The combination of two or analgesic drugs and or techniques that act via different mechanism will leads to additive or synergistic analgesia while minimising side effects of each drug [71]. Its a holistic approach for postoperative pain with a goal to maximize the analgesic effect and minimize the side effects of the medications [72-75]. There are varieties of regimen have been described by some international consensus groups [73-75]. typical multimodal analgesia protocol consist of preoperative patient education, preemptive analgesics, preference to regional anaesthesia and nerve blocks, periarticular infiltration of local anaesthetic, round the clock regular analgesics and a standardised programm for postoperative rehabilitation and functional recovery [76-78]. Commonly used drugs in multimodal analgesia regimen are acetaminophen, coxinhibitor or non-steroidal anti-inflammatory drugs, opioid and their derivatives, gabapentinoid, dexamethasone, ketamine etc [79- 85].
Our practice involve, pre-emptive analgesia with 75 mg pregabalin night before and 2 hour before the surgery along with celecoxib 200 mg orally 2 hr before surgery. Most of our TKA are done under General Anaesthesia with laryngeal mask airway- on spontaneous ventilation. Post-induction before incision- femoral nerve block with dilute short acting local anaesthetic (1% lignocaine 10-15 ml) - this is to cover the tourniquet pain and intra-op analgesia along with femoral nerve block we do selective tibial nerve block with 10 ml of 0.5% levobupivacaine. Single dose of intravenous dexmethasone 8 mg given before incision for both preventing postoperative nausea vomiting and to provide postoperative analgesia.
Maintenance of anaesthesia is done with sevoflurane (0.7-1 MAC) in oxygen with air and low dose remifentanil 200-300 mcg per hour.
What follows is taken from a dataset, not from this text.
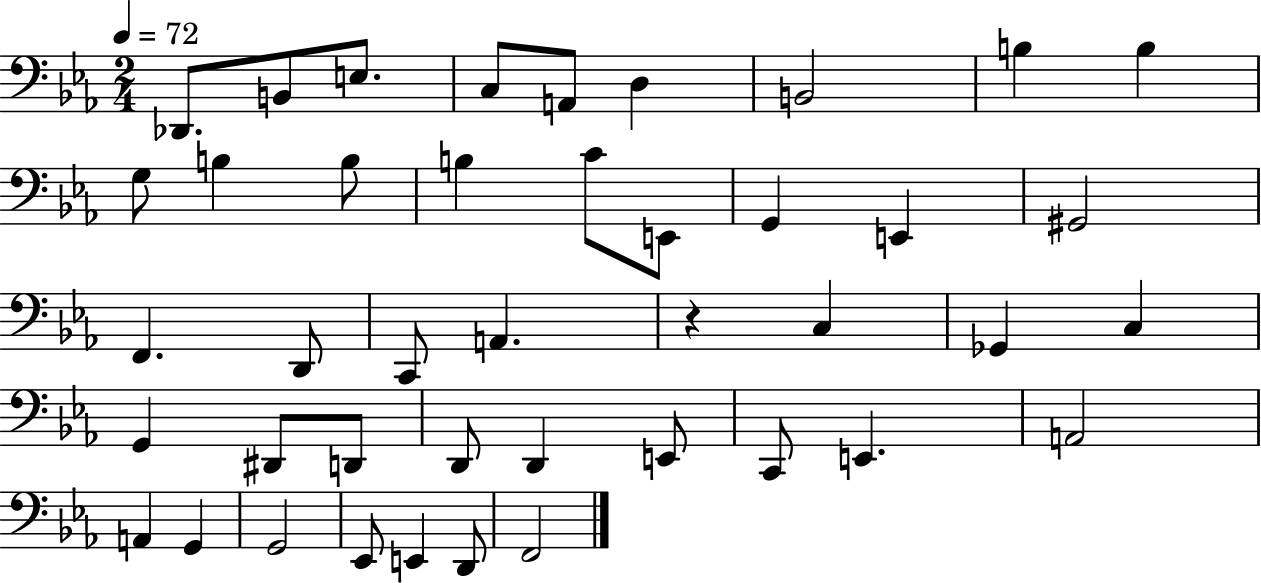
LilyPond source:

Intravenous Paracetamol 1 gm along with tramadol 100 mg towards the end of the surgery which are repeated in postoperative period (paracetamol 6th hourly and tramadol 8th hrly). After completion of surgery before extubation -adductor canal block with 20 ml of 0.5% levobupivacaine to provide the prolong postoperative analgesia. As our protocols involve injecting lower concentration and short acting local anaesthetic for femoral nerve block, there is no real femoral block -associated motor weakness and patients are able to begin weight bearing and physical therapy within 6- 8 hours after surgery. Patients are started on oral analgesics therapy in the form of paracetamol, celecoxib, tramadol and are discharged home once pain relief is satisfactory on 2nd postoperative day.
Quality analgesia and early rehabilitation are fundamental for early functional recovery after TKA which are desired by both patient and surgeon. The combination of pre-emptive and multimodal analgesia and technically well delivered regional nerve blocks and postoperative physical therapy are essential component which not only minimize the side effects of traditional opioid based analgesia but also speed up functional recovery, increases patient satisfaction and reduces overall length of hospitalisation and cost.